WHAT IS REQUIRED -
Restate all the entries exactly as they appear, apart from the pictures.

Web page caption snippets
=== Section Start ===

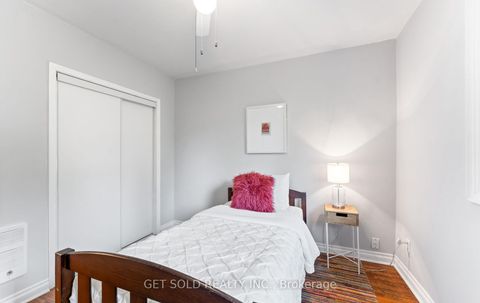 Photo 25 at 10 Dunboyne Court, Branson, Toronto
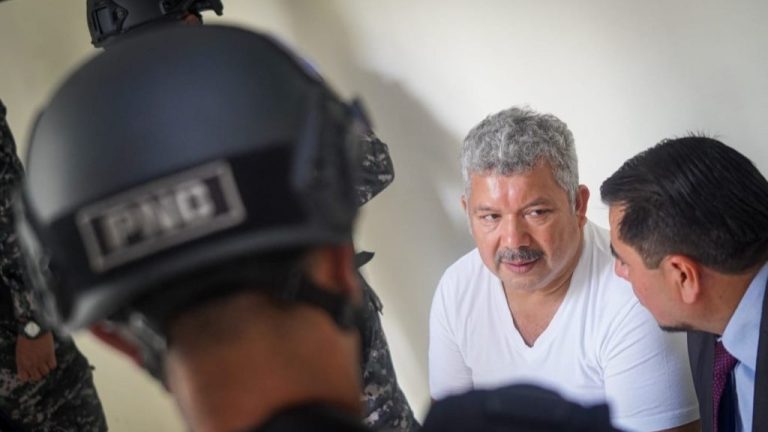 Instalan audiencia preliminar contra expresidente de BANDESAL acusado de presuntos actos de corrupción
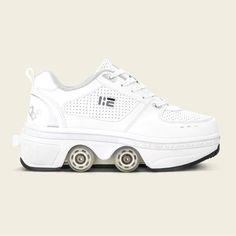 Classic White Low Liekick Soeed Roller Skate Shoes, Unopened Still In Box Perfect Condition Speed Roller Skates, Cute Shoes For Women, Roller Skate Shoes, Roller Shoes, Comfortable Running Shoes, Shoes Classic, Roller Skate, Roller Skates, Shoes Color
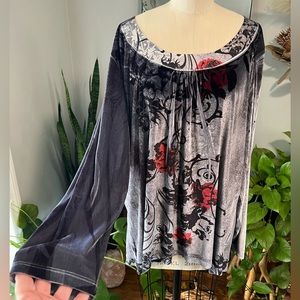 Romantic Valentines Date Top Velvet Silver with Roses Avenue Stretch 22/24
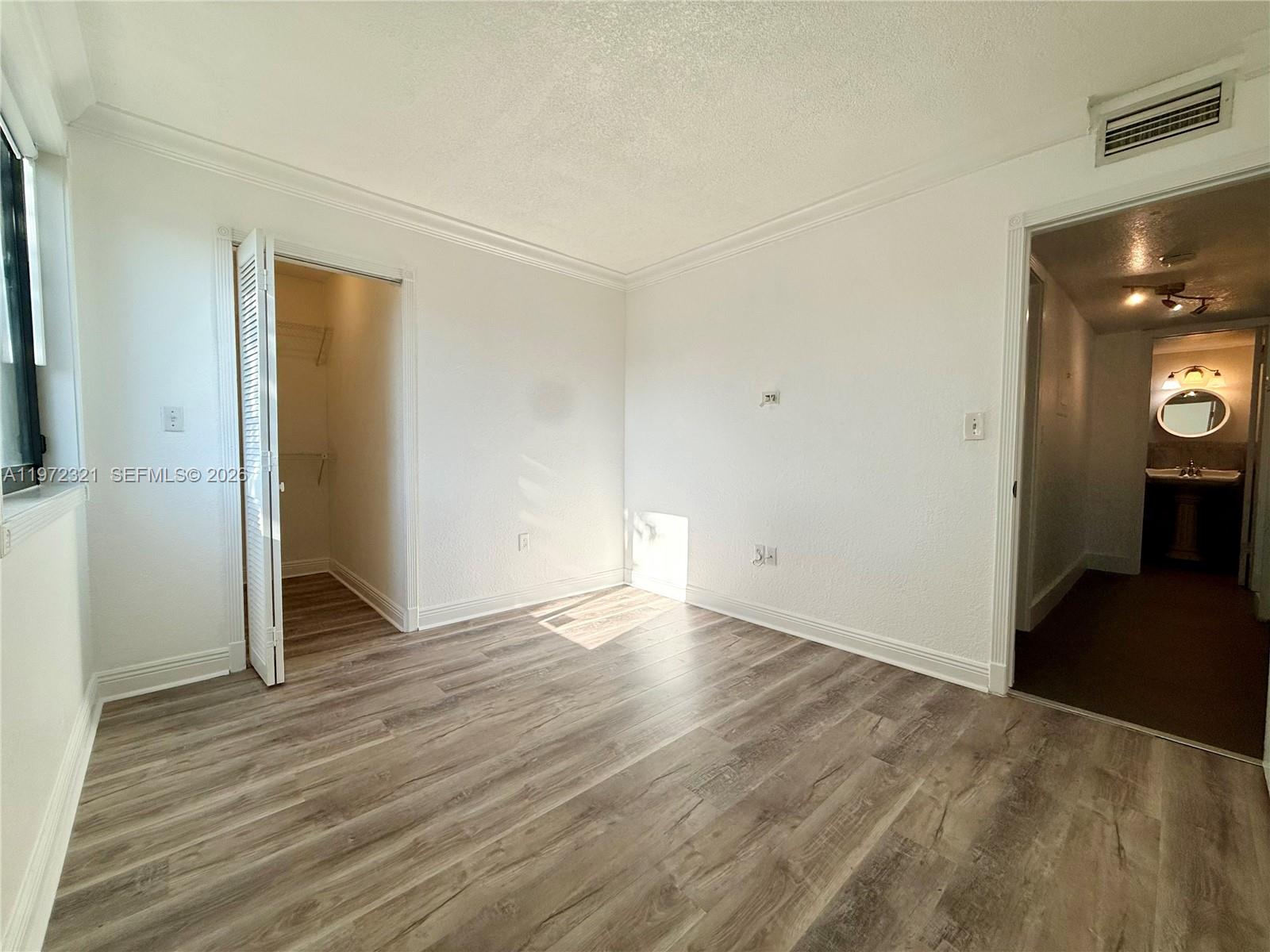 10231 Fontainebleau Blvd # 203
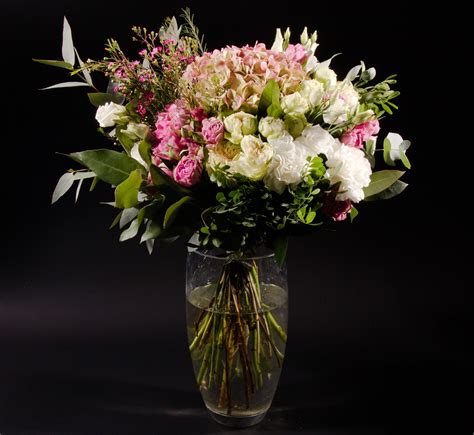 815948 Bouquets Hydrangea Roses Eustoma Black Background Vase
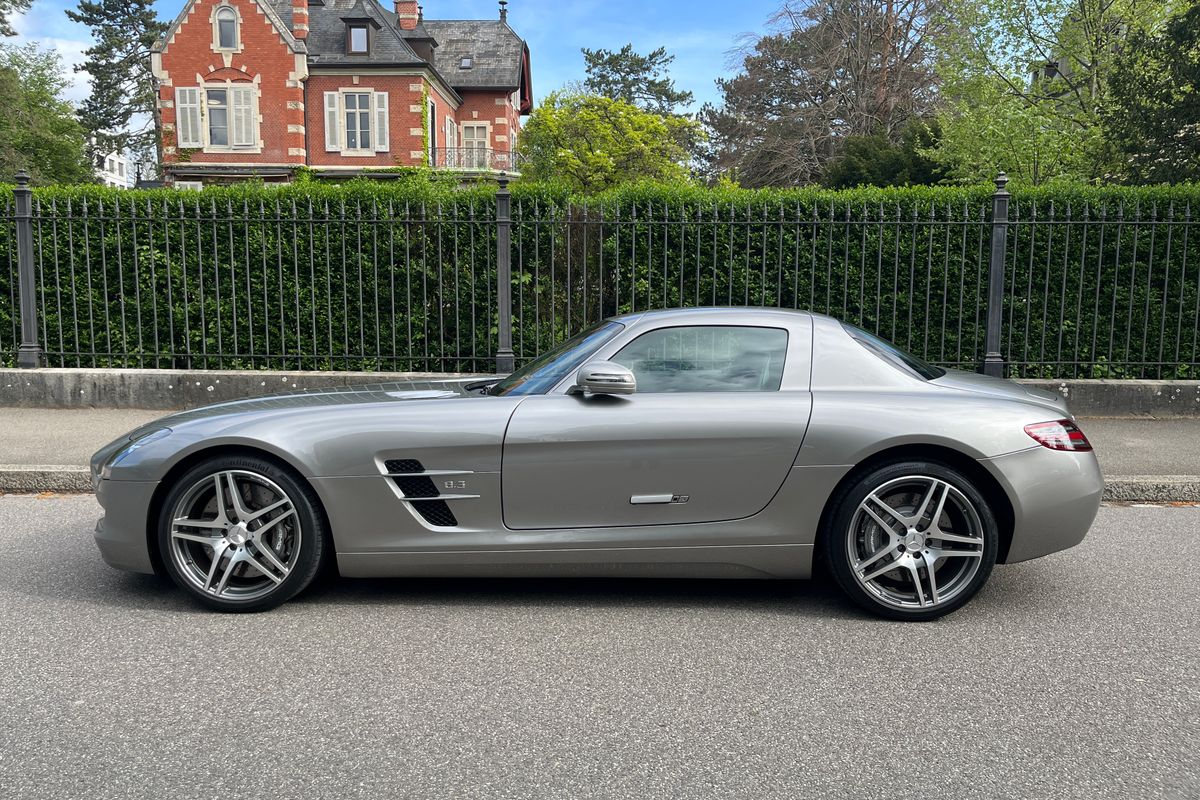 Mercedes-Benz SLS AMG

=== Section End ===

EXERCISE RESULT -
 Photo 25 at 10 Dunboyne Court, Branson, Toronto
 Instalan audiencia preliminar contra expresidente de BANDESAL acusado de presuntos actos de corrupción
 Classic White Low Liekick Soeed Roller Skate Shoes, Unopened Still In Box Perfect Condition Speed Roller Skates, Cute Shoes For Women, Roller Skate Shoes, Roller Shoes, Comfortable Running Shoes, Shoes Classic, Roller Skate, Roller Skates, Shoes Color
 Romantic Valentines Date Top Velvet Silver with Roses Avenue Stretch 22/24
 10231 Fontainebleau Blvd # 203
 815948 Bouquets Hydrangea Roses Eustoma Black Background Vase
 Mercedes-Benz SLS AMG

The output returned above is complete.